*** Exercise input

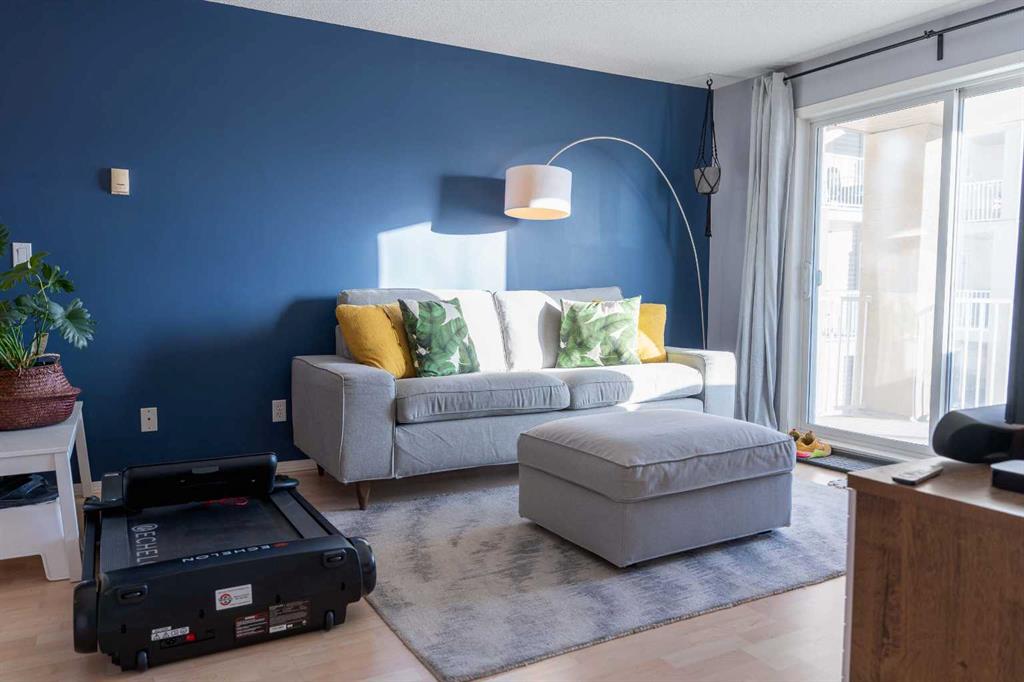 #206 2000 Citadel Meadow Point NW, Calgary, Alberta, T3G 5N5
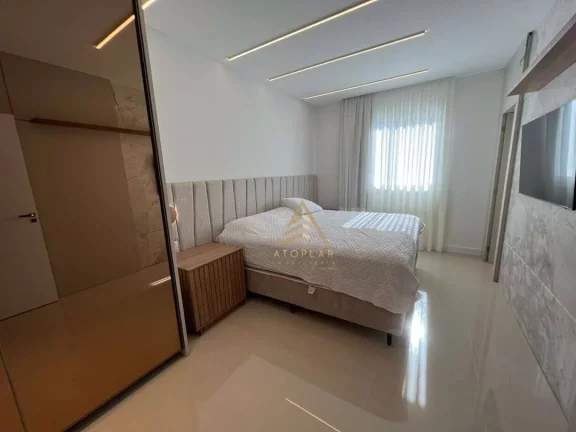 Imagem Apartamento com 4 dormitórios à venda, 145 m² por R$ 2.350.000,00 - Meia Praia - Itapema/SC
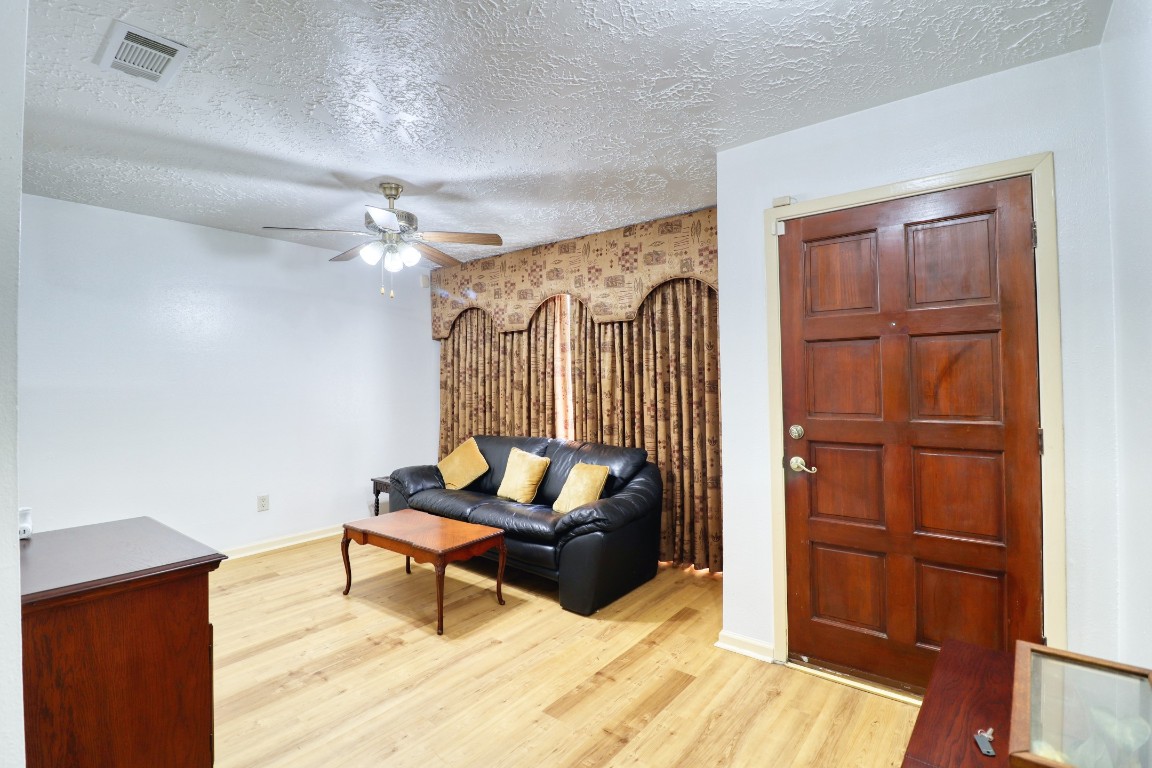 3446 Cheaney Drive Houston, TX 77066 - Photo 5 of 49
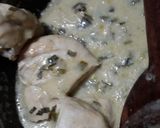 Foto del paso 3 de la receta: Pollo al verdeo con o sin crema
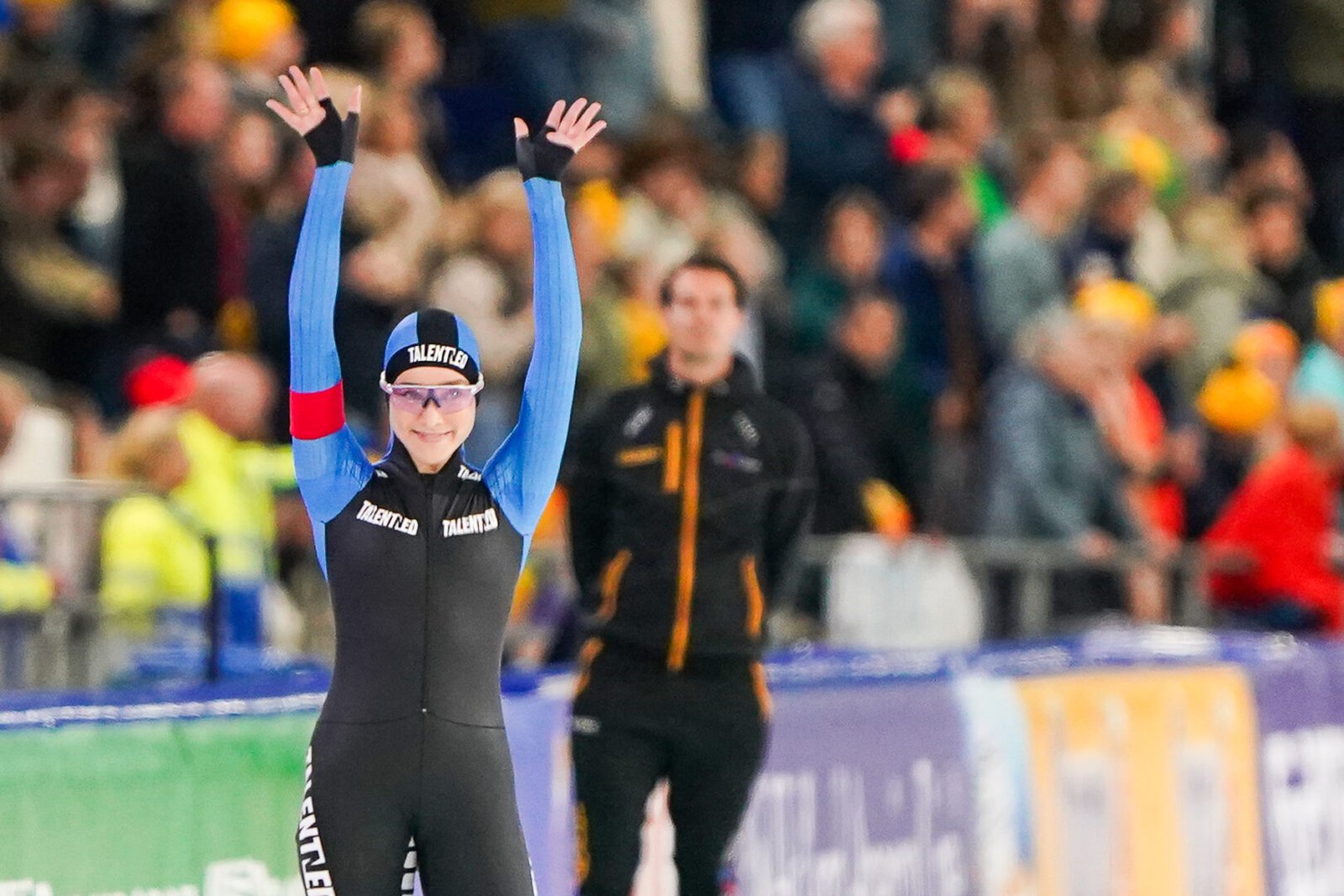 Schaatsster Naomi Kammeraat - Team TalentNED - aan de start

******

◆ Problem statement
Omit the pictures; restate every entry word for word.

◆ Solved problem
 #206 2000 Citadel Meadow Point NW, Calgary, Alberta, T3G 5N5
 Imagem Apartamento com 4 dormitórios à venda, 145 m² por R$ 2.350.000,00 - Meia Praia - Itapema/SC
 3446 Cheaney Drive Houston, TX 77066 - Photo 5 of 49
 Foto del paso 3 de la receta: Pollo al verdeo con o sin crema
 Schaatsster Naomi Kammeraat - Team TalentNED - aan de start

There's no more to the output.